*GIVEN RECORDS*.
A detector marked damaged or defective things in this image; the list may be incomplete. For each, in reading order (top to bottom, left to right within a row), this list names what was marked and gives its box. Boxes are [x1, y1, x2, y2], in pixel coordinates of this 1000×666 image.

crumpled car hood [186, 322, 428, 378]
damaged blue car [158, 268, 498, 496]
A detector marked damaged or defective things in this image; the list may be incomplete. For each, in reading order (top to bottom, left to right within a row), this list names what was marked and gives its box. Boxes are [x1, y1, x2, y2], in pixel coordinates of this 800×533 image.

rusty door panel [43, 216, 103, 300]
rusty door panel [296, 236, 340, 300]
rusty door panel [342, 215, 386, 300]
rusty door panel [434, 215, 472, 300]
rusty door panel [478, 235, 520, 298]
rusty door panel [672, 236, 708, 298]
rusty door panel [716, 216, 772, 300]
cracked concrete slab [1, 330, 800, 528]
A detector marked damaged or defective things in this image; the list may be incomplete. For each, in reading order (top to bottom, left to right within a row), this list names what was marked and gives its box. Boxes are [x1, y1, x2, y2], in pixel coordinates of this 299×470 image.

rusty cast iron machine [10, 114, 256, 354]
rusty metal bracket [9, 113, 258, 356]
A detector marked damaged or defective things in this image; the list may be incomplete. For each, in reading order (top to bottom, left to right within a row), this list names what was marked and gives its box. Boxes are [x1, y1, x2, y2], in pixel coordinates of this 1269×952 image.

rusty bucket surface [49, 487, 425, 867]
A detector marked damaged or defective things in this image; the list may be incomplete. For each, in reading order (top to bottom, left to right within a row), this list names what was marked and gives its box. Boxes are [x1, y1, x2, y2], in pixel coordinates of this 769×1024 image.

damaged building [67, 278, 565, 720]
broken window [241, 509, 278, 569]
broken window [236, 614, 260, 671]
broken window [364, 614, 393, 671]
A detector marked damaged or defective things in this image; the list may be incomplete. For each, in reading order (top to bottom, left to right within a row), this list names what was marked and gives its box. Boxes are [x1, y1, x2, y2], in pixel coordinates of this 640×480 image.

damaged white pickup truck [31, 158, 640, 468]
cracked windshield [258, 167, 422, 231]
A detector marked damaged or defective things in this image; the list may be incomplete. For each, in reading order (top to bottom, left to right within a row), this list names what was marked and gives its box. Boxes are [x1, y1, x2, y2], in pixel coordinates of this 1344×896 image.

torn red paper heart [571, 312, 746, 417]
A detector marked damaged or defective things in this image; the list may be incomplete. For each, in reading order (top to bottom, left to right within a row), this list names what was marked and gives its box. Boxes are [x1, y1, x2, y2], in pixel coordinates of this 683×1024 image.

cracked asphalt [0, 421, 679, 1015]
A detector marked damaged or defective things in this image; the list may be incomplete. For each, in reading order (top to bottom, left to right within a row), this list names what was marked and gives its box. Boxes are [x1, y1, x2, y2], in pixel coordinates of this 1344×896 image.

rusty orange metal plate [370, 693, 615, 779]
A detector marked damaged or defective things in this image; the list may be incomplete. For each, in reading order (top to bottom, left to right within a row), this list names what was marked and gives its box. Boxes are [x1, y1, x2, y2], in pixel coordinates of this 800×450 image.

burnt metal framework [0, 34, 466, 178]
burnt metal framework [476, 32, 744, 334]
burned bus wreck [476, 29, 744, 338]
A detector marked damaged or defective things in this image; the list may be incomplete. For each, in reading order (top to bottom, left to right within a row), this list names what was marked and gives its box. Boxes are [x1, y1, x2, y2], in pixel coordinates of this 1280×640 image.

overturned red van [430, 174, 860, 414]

*WHAT IS BEING ASKED*. Only output the lines from the one with "this 800×450 image." through the end of the entries above, exactly as they are.

*TASK OUTPUT*.
A detector marked damaged or defective things in this image; the list may be incomplete. For each, in reading order (top to bottom, left to right within a row), this list names what was marked and gives its box. Boxes are [x1, y1, x2, y2], in pixel coordinates of this 800×450 image.

burnt metal framework [0, 34, 466, 178]
burnt metal framework [476, 32, 744, 334]
burned bus wreck [476, 29, 744, 338]
A detector marked damaged or defective things in this image; the list may be incomplete. For each, in reading order (top to bottom, left to right within a row), this list names what was marked and gives its box. Boxes are [x1, y1, x2, y2], in pixel coordinates of this 1280×640 image.

overturned red van [430, 174, 860, 414]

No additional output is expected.